#### [AIM OF THE TASK]
Locate the word "Knights" in the entries below, then gather every line that holds it.

#### [THE RECORDS]
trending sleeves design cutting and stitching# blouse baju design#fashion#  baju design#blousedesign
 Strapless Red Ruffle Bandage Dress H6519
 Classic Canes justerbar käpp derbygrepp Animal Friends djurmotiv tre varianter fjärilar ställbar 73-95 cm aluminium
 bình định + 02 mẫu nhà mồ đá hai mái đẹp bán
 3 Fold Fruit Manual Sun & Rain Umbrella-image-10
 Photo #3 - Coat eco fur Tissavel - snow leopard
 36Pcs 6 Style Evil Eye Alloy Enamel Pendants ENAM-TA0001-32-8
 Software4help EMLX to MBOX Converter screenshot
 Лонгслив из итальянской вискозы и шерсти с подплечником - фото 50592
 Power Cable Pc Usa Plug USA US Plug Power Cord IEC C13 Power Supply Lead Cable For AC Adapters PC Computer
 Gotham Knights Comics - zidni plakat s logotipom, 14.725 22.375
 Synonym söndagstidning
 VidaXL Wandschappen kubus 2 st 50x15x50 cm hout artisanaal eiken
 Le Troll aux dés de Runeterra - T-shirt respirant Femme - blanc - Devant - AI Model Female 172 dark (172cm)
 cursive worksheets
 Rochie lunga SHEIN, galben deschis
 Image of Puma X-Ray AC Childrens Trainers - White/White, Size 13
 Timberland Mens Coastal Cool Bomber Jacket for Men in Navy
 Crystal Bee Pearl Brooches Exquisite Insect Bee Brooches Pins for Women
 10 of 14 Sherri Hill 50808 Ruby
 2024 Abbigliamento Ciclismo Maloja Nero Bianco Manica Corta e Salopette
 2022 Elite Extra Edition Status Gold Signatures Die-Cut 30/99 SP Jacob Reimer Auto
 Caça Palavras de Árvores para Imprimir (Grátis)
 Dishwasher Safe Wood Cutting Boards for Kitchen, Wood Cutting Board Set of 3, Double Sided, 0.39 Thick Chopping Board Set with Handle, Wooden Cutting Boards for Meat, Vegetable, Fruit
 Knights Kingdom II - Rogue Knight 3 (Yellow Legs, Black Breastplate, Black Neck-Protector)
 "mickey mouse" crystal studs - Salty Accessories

#### [SOLUTION FOR THIS EXERCISE]
 Gotham Knights Comics - zidni plakat s logotipom, 14.725 22.375
 Knights Kingdom II - Rogue Knight 3 (Yellow Legs, Black Breastplate, Black Neck-Protector)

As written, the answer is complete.